Mary heard an angel tell her that her baby: (Luke 1:32–33)
will be great and will be called the Son of the Most High. And the Lord God will give to him the throne of his father David, 33 and he will reign over the house of Jacob forever, and of his kingdom there will be no end.”

An angel told Joseph (Matthew 1:20–21)
“Joseph, son of David, do not fear to take Mary as your wife, for that which is conceived in her is from the Holy Spirit. 21 She will bear a son, and you shall call his name Jesus, for he will save his people from their sins.”

What did Mary and Joseph think about the angelic visitations and their messages? It is most likely they thought Jesus would grow up to be a leader who would deliver Israel from the Roman occupation than anything else.

Who was Jesus?

What did the teachers in the Temple think when a twelve year old boy, not even old enough for his bar mitzvah, came to them and displayed a mind and spirit full of insight and understanding?

Mary and Joseph had come with their family to Jerusalem for the annual Feast of Passover. When they left Jerusalem, in all the commotion, they assumed he was with other members of the extended family. But when they couldn’t find him, they returned to Jerusalem and after three days found him in the temple. (Luke 2:46–50)
sitting among the teachers, listening to them and asking them questions. 47 And all who heard him were amazed at his understanding and his answers.

The teachers were amazed that this boy could ask such insightful questions and have such deep and profound answers.

Mary and Joseph had heard angels talk about Jesus before he was born. They had heard shepherds testify to the announcement of the angels. They had heard Simeon and Anna prophesy about Jesus in the temple when they went for his dedication. But even with all these experiences, they did not understand who Jesus was. When Mary and Joseph found Jesus at the temple
they were astonished. And his mother said to him, “Son, why have you treated us so? Behold, your father and I have been searching for you in great distress.” 49 And he said to them, “Why were you looking for me? Did you not know that I must be in my Father’s house?” 50 And they did not understand the saying that he spoke to them.

“Who is our son Jesus?” they most likely asked each other.

Mary and Joseph had the experience of having angels deliver messages to them and having prophetic words spoken about their son, but they also had the experience of watching him grow up.

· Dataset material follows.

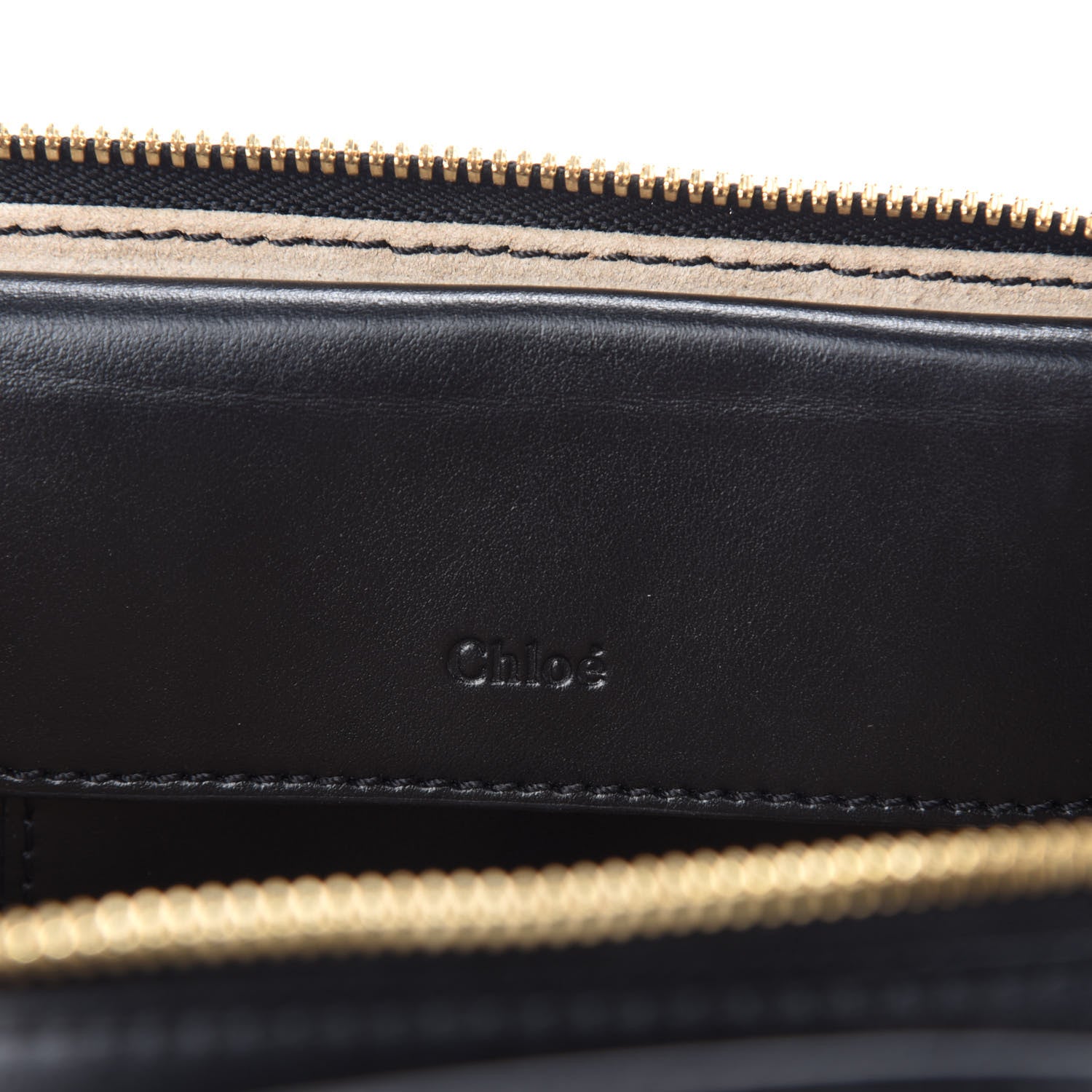 Chloe Calfskin Mini C Vanity Bag Black 8 of 11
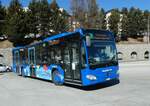 (233'671) - Engadin Bus, St. Moritz - Nr. 106/GR 100'106 - Mercedes am 10. Mrz 2022 beim Bahnhof St. Moritz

After Jesus was born, Mary nursed him until he was able to eat solid food. Mary and Joseph changed his diaper. (OK, probably not Joseph. But in a figurative way “they” changed his diaper.)  They watched him learn to lift his head and roll over. They watched him try to crawl. Then they watched him crawl and stand and then take his first stumbling steps. They saw his toothless grin when his baby teeth fell out. They held him when he had a high fever. They comforted him when he injured himself playing. They cleaned up after him when he had the flu or diarrhea. They watched him as he went through puberty and testosterone raced through his body.

They had, on the one hand, the strange and mysterious experiences of his birth; and on the other hand, the ordinary experiences of his growing up.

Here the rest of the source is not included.